Reaction of the secocubane [Sn 3 (μ 2 ‐NH t Bu) 2 (μ 2 ‐N t Bu)(μ 3 ‐N t Bu)] ( 1 ) with dibutylmagnesium produces the heterobimetallic cubane [Sn 3 Mg(μ 3 ‐N t Bu) 4 ] ( 4 ) which forms the monochalcogenide complexes of general formula [ESn 3 Mg(μ 3 ‐N t Bu) 4 ] ( 5 a , E=Se; 5 b , E=Te) upon reaction with elemental chalcogens in THF. By contrast, the reaction of the anionic lithiated cubane [Sn 3 Li(μ 3 ‐N t Bu) 4 ] − with the appropriate quantity of selenium or tellurium leads to the sequential chalcogenation of each of the three Sn II centres. Pure samples of the mono‐ or dichalcogenides are, however, best obtained by stoichiometric redistribution reactions of [Sn 3 Li(μ 3 ‐N t Bu) 4 ] − and the trichalcogenides [E 3 Sn 3 Li(μ 3 ‐N t Bu) 4 ] − (E=Se, Te).
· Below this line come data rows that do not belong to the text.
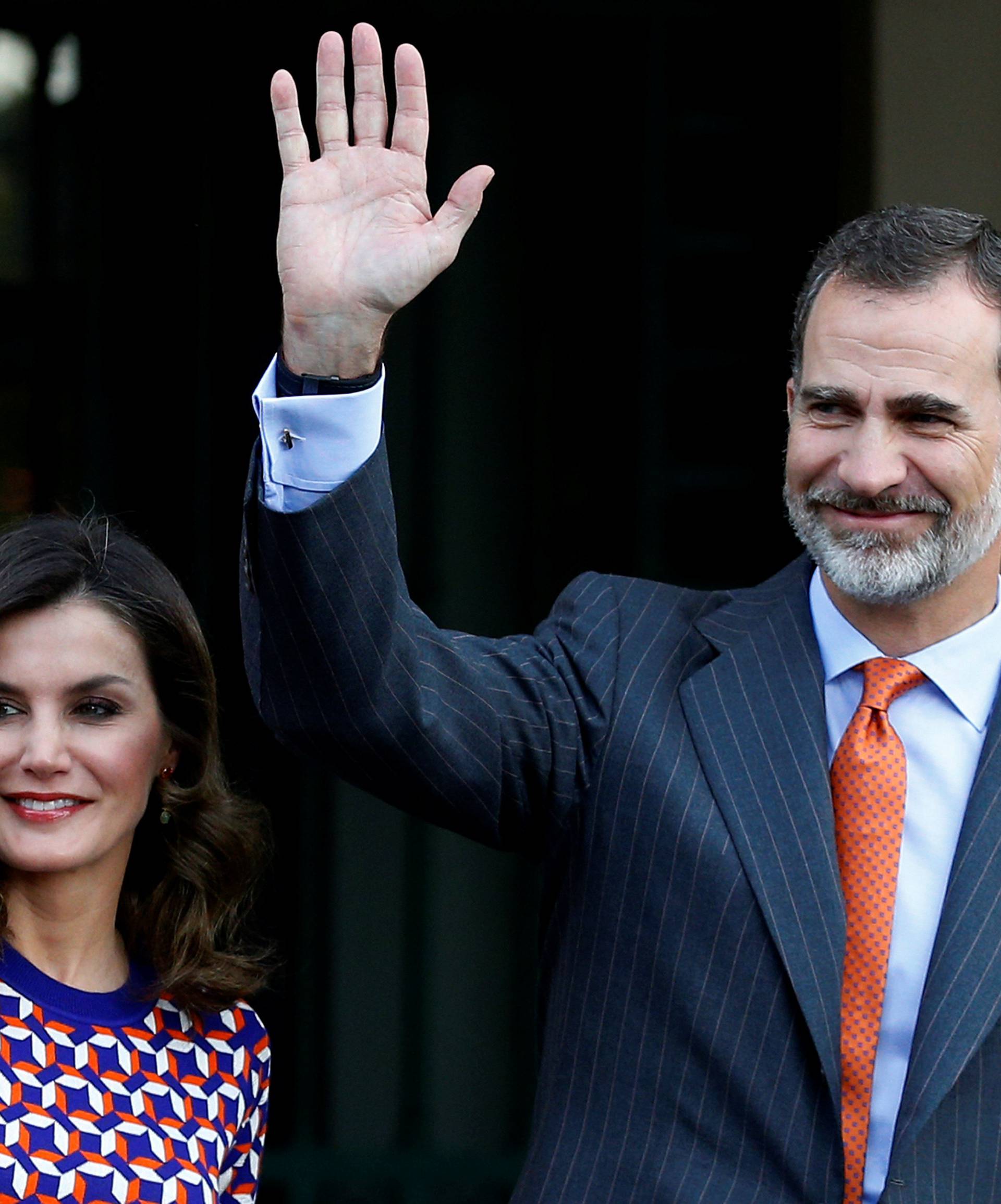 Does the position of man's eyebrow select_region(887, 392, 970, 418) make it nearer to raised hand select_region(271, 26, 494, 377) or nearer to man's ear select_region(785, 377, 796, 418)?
man's ear select_region(785, 377, 796, 418)

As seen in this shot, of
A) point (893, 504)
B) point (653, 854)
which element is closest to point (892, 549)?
point (893, 504)

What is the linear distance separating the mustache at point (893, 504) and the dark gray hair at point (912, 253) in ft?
0.60

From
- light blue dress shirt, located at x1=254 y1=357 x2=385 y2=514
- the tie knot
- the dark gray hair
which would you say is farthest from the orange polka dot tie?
light blue dress shirt, located at x1=254 y1=357 x2=385 y2=514

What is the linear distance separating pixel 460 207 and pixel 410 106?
0.36 feet

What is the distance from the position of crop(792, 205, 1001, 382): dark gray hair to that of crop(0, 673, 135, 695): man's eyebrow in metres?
0.82

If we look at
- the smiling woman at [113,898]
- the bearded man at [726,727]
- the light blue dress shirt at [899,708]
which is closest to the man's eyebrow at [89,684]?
the smiling woman at [113,898]

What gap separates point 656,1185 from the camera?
1.78 metres

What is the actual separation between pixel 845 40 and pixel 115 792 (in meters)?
1.95

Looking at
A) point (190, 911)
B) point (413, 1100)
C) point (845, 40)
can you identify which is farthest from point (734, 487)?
point (190, 911)

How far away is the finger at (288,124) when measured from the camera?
1.71 m

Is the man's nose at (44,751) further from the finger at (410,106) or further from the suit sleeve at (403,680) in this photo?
the finger at (410,106)

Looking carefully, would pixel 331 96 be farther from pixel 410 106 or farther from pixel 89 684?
pixel 89 684

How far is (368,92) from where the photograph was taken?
1.74 metres

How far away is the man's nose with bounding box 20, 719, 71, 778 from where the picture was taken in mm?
1925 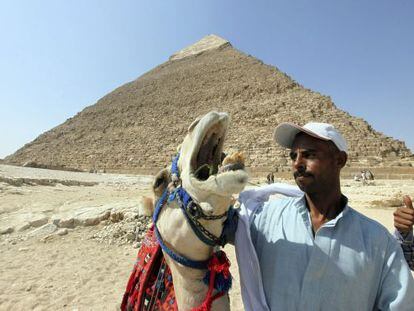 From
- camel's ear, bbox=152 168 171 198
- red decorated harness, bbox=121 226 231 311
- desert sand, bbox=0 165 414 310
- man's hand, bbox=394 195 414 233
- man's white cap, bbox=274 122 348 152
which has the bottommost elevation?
desert sand, bbox=0 165 414 310

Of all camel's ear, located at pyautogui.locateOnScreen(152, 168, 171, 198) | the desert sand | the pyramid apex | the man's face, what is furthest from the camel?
the pyramid apex

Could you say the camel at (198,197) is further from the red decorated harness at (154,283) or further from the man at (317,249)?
the man at (317,249)

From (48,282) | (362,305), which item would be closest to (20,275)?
(48,282)

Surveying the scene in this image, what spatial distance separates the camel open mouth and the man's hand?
65cm

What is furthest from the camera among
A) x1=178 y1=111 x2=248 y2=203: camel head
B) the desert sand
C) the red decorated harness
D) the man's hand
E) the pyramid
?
the pyramid

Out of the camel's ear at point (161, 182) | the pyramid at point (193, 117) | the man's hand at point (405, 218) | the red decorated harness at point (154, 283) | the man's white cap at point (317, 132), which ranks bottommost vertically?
the red decorated harness at point (154, 283)

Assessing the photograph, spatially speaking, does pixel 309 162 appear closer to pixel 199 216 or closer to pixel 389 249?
pixel 389 249

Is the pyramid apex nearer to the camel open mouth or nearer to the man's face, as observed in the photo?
the man's face

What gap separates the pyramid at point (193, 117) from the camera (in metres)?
32.5

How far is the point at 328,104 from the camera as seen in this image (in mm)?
38219

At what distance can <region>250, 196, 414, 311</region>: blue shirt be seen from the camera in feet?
3.03

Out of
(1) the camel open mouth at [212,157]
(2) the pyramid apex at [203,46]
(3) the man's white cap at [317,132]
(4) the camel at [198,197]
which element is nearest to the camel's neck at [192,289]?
(4) the camel at [198,197]

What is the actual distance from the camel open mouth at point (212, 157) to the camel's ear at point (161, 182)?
17cm

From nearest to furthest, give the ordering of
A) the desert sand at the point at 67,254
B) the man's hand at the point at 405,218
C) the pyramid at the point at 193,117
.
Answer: the man's hand at the point at 405,218 → the desert sand at the point at 67,254 → the pyramid at the point at 193,117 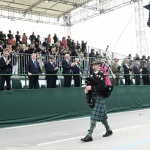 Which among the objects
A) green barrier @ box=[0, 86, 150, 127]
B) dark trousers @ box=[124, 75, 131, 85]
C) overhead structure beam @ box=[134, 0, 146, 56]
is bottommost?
green barrier @ box=[0, 86, 150, 127]

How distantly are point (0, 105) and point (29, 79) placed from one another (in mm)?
1715

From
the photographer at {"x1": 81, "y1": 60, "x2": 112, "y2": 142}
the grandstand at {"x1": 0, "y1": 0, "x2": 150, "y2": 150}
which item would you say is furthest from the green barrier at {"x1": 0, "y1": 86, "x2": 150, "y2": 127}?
the photographer at {"x1": 81, "y1": 60, "x2": 112, "y2": 142}

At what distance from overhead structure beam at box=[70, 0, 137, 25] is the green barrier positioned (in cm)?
1561

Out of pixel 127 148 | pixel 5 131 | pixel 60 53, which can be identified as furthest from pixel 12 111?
pixel 60 53

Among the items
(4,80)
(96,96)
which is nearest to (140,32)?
(4,80)

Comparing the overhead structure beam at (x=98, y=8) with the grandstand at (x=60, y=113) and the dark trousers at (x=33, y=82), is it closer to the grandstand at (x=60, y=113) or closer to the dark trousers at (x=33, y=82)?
the grandstand at (x=60, y=113)

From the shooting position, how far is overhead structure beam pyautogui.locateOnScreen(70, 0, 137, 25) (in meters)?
27.6

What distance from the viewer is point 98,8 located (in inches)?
1139

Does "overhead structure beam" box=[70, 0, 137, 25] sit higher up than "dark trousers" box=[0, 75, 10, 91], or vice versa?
"overhead structure beam" box=[70, 0, 137, 25]

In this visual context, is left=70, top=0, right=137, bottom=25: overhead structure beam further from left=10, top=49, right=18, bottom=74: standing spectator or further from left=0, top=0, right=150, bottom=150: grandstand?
left=10, top=49, right=18, bottom=74: standing spectator

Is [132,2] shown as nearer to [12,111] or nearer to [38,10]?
[38,10]

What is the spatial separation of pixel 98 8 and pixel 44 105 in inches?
789

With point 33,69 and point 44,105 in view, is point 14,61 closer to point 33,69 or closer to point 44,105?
point 33,69

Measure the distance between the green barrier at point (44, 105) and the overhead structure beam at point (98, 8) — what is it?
15.6 metres
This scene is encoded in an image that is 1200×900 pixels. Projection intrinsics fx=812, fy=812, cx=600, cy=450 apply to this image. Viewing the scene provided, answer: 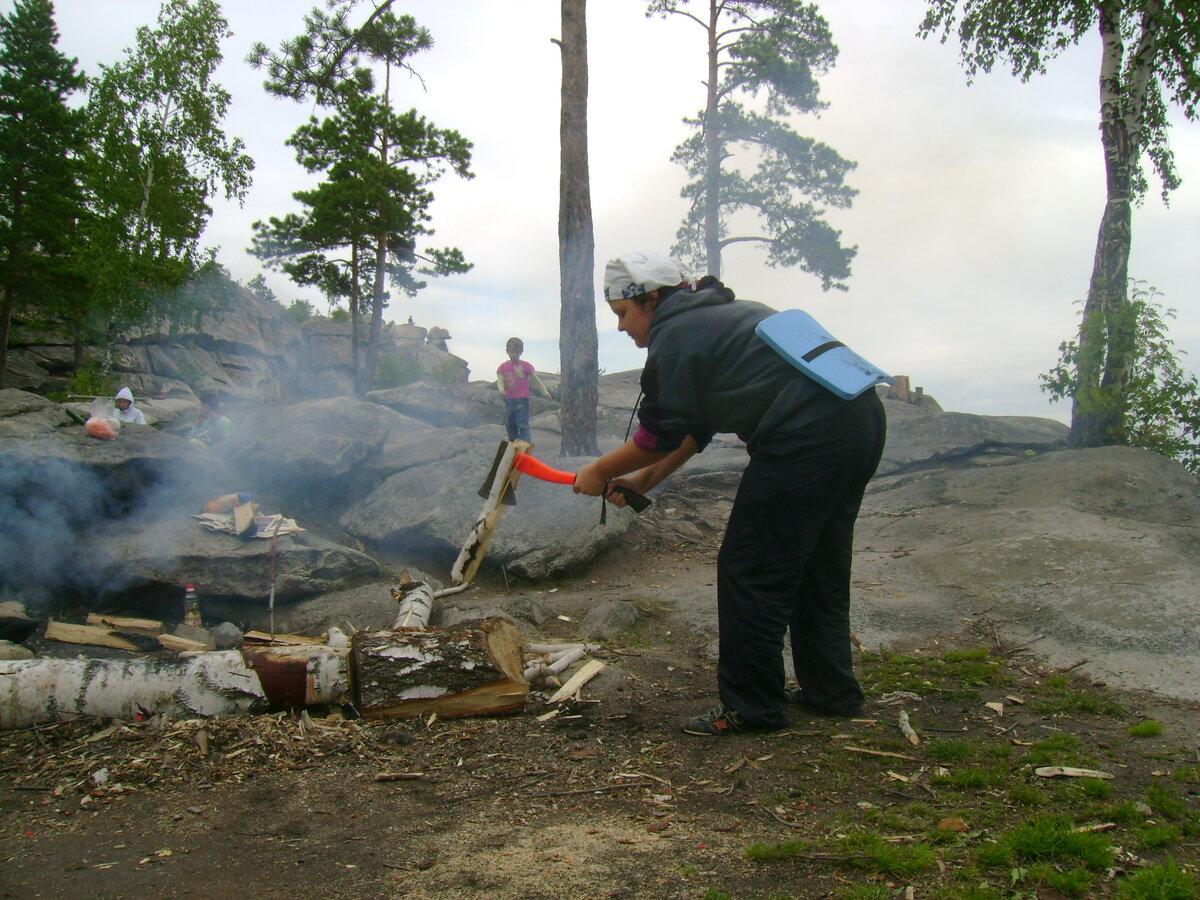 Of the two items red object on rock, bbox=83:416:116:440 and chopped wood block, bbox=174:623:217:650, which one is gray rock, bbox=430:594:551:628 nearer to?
chopped wood block, bbox=174:623:217:650

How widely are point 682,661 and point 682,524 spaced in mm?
4074

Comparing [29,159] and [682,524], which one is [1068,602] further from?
[29,159]

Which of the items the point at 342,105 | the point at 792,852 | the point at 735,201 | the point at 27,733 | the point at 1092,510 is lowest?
the point at 27,733

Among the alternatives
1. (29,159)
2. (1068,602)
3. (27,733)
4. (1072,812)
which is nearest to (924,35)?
(1068,602)

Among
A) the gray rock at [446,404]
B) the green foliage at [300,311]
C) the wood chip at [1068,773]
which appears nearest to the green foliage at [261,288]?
the green foliage at [300,311]

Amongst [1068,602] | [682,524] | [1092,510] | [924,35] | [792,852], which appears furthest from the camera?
[924,35]

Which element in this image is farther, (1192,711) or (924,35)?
(924,35)

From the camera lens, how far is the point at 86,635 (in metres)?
5.51

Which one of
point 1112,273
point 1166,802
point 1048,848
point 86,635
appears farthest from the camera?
point 1112,273

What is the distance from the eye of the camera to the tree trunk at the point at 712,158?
18391 mm

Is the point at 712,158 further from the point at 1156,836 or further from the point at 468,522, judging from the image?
the point at 1156,836

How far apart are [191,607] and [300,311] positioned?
34196 millimetres

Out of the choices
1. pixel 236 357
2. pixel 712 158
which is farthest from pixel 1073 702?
pixel 236 357

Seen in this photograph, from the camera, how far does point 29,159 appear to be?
68.7ft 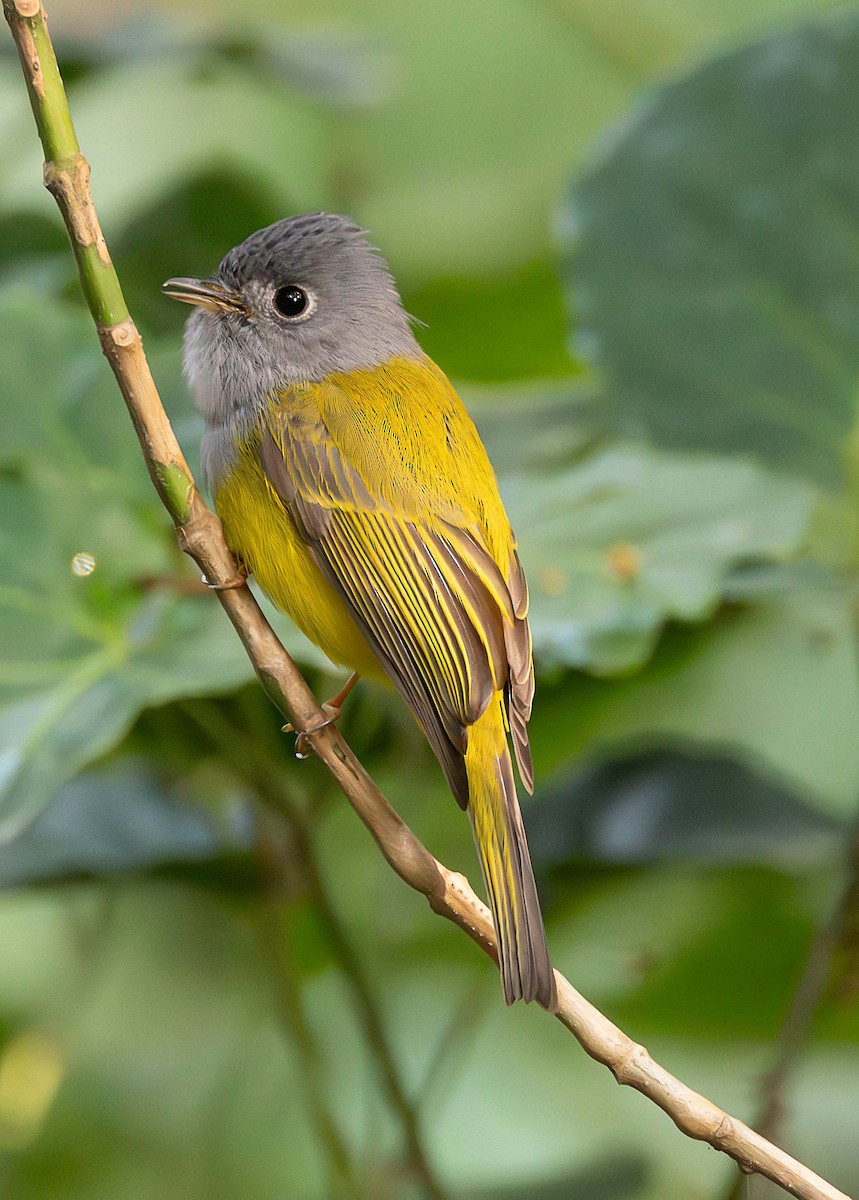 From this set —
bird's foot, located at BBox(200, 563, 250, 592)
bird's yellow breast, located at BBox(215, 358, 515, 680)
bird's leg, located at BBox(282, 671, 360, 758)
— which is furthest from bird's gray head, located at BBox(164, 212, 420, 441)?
bird's foot, located at BBox(200, 563, 250, 592)

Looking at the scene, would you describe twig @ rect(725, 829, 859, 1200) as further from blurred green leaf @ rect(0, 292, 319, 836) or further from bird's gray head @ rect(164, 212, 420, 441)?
bird's gray head @ rect(164, 212, 420, 441)

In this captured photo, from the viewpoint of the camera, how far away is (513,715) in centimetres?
130

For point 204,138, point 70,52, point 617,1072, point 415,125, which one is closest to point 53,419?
point 70,52

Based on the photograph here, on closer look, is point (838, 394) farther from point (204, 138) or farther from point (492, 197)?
point (204, 138)

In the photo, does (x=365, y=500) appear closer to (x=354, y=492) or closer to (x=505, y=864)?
(x=354, y=492)

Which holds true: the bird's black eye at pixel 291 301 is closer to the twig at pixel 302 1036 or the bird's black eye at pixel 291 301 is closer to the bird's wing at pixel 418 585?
the bird's wing at pixel 418 585

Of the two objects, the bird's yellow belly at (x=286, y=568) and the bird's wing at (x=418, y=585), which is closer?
the bird's wing at (x=418, y=585)

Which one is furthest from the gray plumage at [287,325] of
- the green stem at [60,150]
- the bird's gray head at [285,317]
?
the green stem at [60,150]

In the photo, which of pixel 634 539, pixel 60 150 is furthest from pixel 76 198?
pixel 634 539

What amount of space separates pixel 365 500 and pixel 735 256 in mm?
1091

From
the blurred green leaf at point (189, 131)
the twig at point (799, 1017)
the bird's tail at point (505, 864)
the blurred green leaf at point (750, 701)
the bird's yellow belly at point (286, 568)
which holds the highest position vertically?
the blurred green leaf at point (189, 131)

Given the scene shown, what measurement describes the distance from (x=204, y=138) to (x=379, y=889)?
1862 millimetres

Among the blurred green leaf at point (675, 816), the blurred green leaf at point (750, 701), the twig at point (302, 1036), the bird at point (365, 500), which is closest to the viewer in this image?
the bird at point (365, 500)

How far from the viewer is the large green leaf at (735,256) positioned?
2119 millimetres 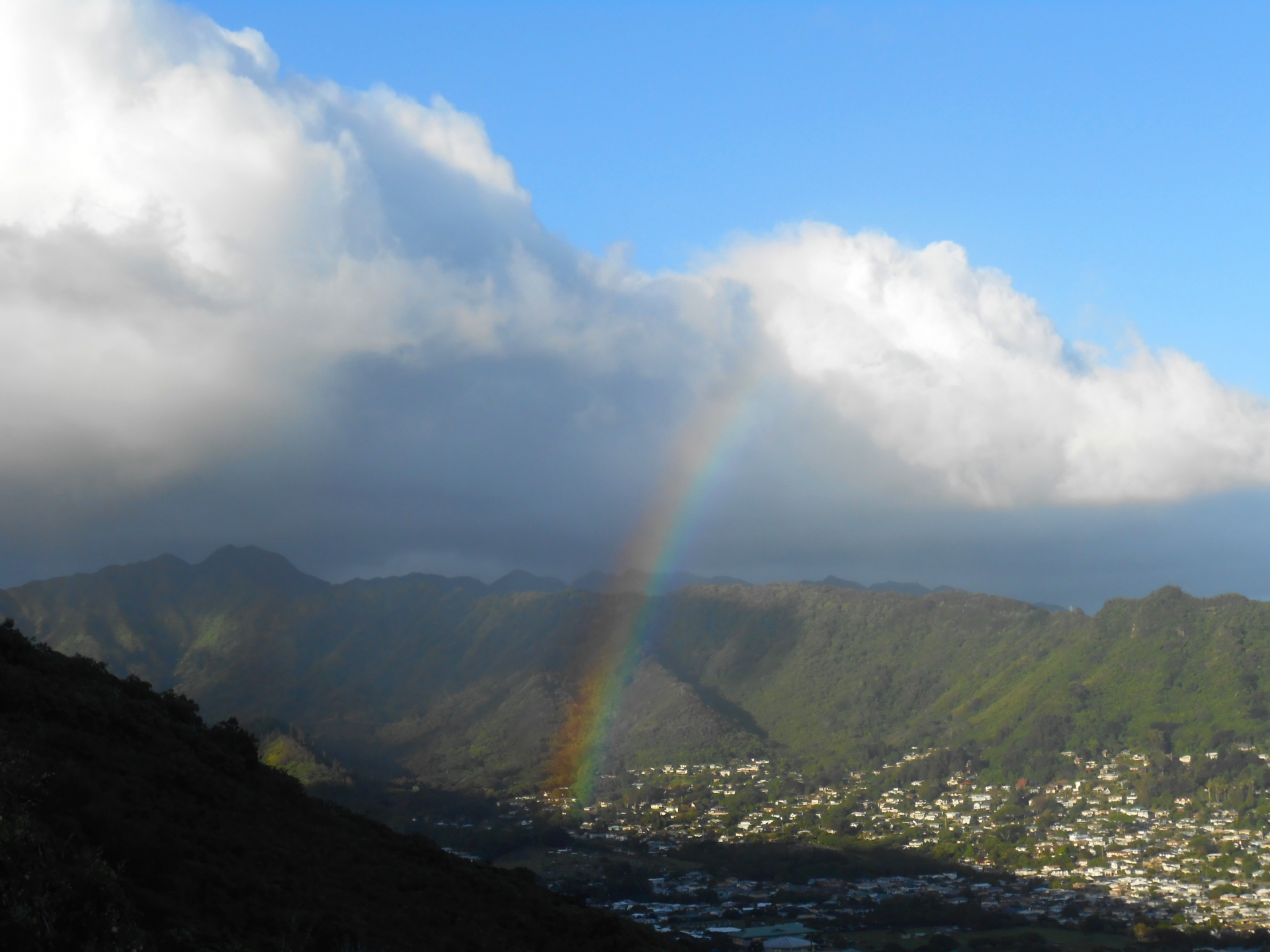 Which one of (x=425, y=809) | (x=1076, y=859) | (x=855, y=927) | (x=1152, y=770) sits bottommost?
(x=425, y=809)

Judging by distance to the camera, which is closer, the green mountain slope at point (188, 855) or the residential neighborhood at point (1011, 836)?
the green mountain slope at point (188, 855)

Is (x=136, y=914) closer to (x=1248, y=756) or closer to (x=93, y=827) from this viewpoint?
(x=93, y=827)

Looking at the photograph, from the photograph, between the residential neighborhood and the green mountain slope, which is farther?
the residential neighborhood

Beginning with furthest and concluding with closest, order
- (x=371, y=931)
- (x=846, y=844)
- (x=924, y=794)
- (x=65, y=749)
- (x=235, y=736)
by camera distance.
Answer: (x=924, y=794)
(x=846, y=844)
(x=235, y=736)
(x=65, y=749)
(x=371, y=931)

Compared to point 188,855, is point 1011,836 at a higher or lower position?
lower

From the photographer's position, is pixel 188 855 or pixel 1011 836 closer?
pixel 188 855

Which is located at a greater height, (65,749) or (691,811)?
(65,749)

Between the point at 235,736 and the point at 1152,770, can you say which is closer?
the point at 235,736

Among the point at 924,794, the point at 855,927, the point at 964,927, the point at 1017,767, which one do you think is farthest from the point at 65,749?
the point at 1017,767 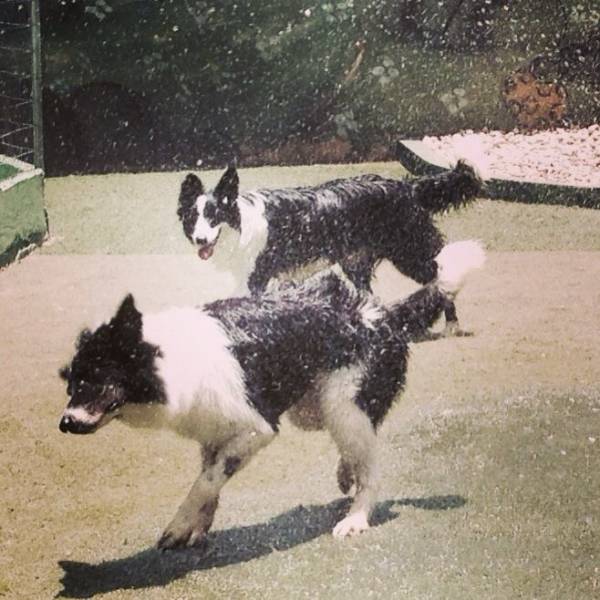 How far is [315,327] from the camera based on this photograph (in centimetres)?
239

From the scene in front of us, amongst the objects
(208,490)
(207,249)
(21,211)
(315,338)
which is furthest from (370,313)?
(21,211)

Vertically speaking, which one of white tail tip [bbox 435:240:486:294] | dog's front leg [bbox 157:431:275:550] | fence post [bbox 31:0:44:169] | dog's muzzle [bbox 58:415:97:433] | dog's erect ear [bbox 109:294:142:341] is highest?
fence post [bbox 31:0:44:169]

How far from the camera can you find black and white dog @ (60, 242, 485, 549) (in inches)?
89.1

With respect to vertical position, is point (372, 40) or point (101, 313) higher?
point (372, 40)

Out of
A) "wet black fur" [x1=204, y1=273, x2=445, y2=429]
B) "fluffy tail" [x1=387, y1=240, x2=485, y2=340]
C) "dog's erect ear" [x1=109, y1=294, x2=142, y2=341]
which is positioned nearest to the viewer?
"dog's erect ear" [x1=109, y1=294, x2=142, y2=341]

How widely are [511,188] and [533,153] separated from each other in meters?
0.09

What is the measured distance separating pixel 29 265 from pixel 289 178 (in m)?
0.56

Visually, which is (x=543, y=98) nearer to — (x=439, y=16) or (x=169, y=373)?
(x=439, y=16)

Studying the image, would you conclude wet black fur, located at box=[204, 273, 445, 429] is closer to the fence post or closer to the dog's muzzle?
the dog's muzzle

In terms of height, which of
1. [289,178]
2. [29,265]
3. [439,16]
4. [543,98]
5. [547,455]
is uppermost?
[439,16]

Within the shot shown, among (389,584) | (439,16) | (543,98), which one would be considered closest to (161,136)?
(439,16)

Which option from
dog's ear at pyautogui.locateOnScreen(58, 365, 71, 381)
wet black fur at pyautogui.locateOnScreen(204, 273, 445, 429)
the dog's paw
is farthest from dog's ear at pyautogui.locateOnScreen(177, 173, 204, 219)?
the dog's paw

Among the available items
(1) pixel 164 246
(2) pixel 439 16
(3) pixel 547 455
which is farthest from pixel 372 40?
(3) pixel 547 455

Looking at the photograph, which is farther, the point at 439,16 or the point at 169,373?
the point at 439,16
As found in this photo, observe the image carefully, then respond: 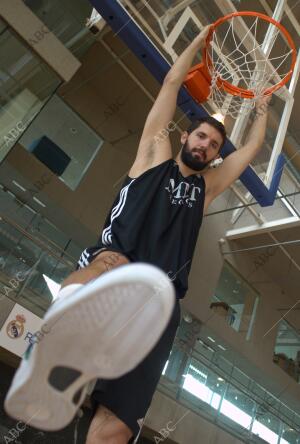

These reactions are conveniently monitored by using 119 Sn NMR spectroscopy. The anion [Sn 3 Li(μ 3 ‐N t Bu) 4 ] − also acts as an effective chalcogen‐transfer reagent in reactions of selenium with the neutral cubane [{Snμ 3 ‐N(dipp)} 4 ] ( 8 ) (dipp=2,6‐diisopropylphenyl) to give the dimer [(thf)Sn{μ‐N(dipp)} 2 Sn(μ‐Se) 2 Sn{μ‐N(dipp)} 2 Sn(thf)] ( 9 ), a transformation that results in cleavage of the Sn 4 N 4 cubane into four‐membered Sn 2 N 2 rings. The X‐ray structures of 4 , 5 a , 5 b , [Sn 3 Li(thf)(μ 3 ‐N t Bu) 4 (μ 3 ‐Se)(μ 2 ‐Li)(thf)] 2 ( 6 a ), [TeSn 3 Li(μ 3 ‐N t Bu) 4 ][Li(thf) 4 ] ( 6 b ), [Te 2 Sn 3 Li(μ 3 ‐N t Bu) 4 ][Li([12]crown‐4) 2 ] ( 7 b′′ ) and 9 are presented. The fluxional behaviour of cubic imidotin chalcogenides and the correlation between NMR coupling constants and tin–chalcogen bond lengths are also discussed.